この作品ではクローン人間達は大爆発し、実際の世界に住む人間達に襲いかかる。

 

「でもさあ。これ自分のクローンが作られているなんて誰も知らんかったやん。始めに流れていたCMがヒントやろうけれど、結局一体誰が何の為に?」あかんあかん。そう思うのに。どうしても当方の中に住む中学生が理詰めの説明を求めてこようとしてくる。

 

「現在のアメリカの縮図ってどういう事

ですかあ?利己的で、何か不都合があれば切り捨てて代替え置けばええやんって事?そうやって切り捨てられた不文律といいようにされてきた代替え達の逆襲って事?」

 

「うるさい早く寝ろ!」わあわあ言う脳内中学生に対して、THE理不尽な畳み掛けで退場させた当方。センシティブな内容に触れようとするんじゃない。

 

「これ。ホラーじゃなくてコメディやん。」

映画部部長の感想コメントに深く頷く当方。

 

結局。現代社会に対するアンチテーゼ的な何かを匂わせているし、きっと監督には意見があるんでしょうが…どうしてもそう思ってしまった当方(と映画部部長)。

 

子供の時にあった禍々しい恐怖体験。それが30年経った今また再現されている。しかも今度は家族を巻き込んで。

かと思えば。友人家族を。そしてどこかしこでその現象は拡大していた。

文章で書くとすっきりしていますが。ドッペルゲンガー家族との攻防はなんともコメディやし、何なら途中から「長い…」とさえ感じてしまう。(同じ様な戦いを繰り返しますので)ジョーダン監督、良くも悪くもサービス精神がありすぎるんですかね。

 

それならば、「一体彼等は何者なのか」「どうして襲ってくるのか」「彼等の目的は?」に焦点を当てまくったらいいのに。
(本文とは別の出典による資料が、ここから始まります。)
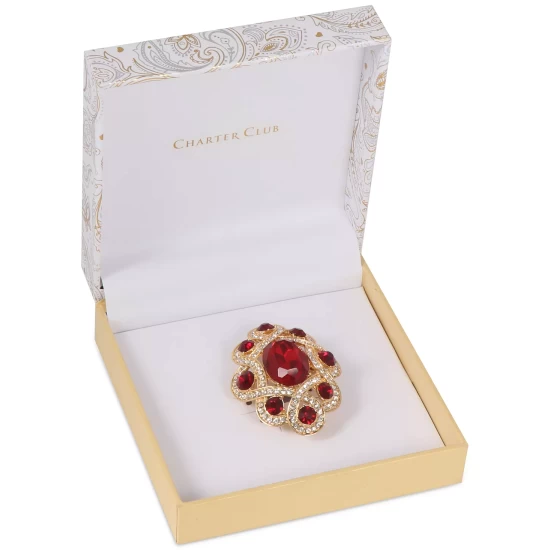 Deals ๐ Charter Club Gold-Tone Pavรฉ & Color Stone Infinity Pin, Created For Macy's Red ๐ฅ - Image 3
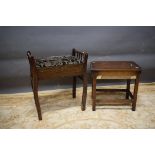 Two Vintage Oak Piano stools . See photos.  S2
そう思ってしまった当方。

(まあ。前作『ゲット・アウト』もトンでもオペレーション開始というずっこけ展開かましたからなあ…/心の声)

 

最終。怒涛の大風呂敷畳み。けれど「はっ。まさかの!」「そうか。だから彼女は言葉が…。」「うさぎ!」…なんて思わなかった当方。心の中学生が冒頭の時点でしっかり見抜いていたので。「でしょうな!」と答え合わせにご満悦だった中学生当方。

 

何だか元々は色々気が合いそうな監督なのに。いかんせん、演出が上手くサービス精神旺盛が故に無駄が多い印象。

枝葉を切ってテーマを深掘りしたらとんでもない作品が生まれそうなのに。

 

「何様だ!」という謎視点で観てしまいましたが。

とりあえず。隣でずっと手を繋ぎながら観ていたカップルが一体どう思ったのか。どういうつもりで観に来たのか。

彼等の感想が知りたい。無言で去っていった二人の後を追いたい。そう思いながら…ぼんやり歩いていると。いつの間にか二人を見失っていました。